* _ACTIVITY_:
Quote the entries below from the line with "Hotel Oyo 1383 Taman Cibinong 2" through the line with "ALFA ROMEO MITO", both ends included, and only those lines.

* _RECORDS PROVIDED_:
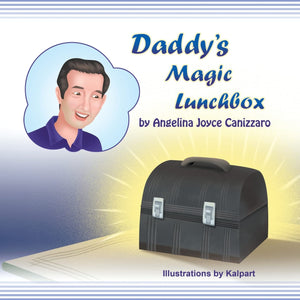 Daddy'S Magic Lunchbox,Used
* * *
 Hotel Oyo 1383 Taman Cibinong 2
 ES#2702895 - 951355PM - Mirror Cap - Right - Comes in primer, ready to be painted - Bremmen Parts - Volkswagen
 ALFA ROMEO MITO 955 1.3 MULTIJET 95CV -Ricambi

* _TASK OUTPUT_:
 Hotel Oyo 1383 Taman Cibinong 2
 ES#2702895 - 951355PM - Mirror Cap - Right - Comes in primer, ready to be painted - Bremmen Parts - Volkswagen
 ALFA ROMEO MITO 955 1.3 MULTIJET 95CV -Ricambi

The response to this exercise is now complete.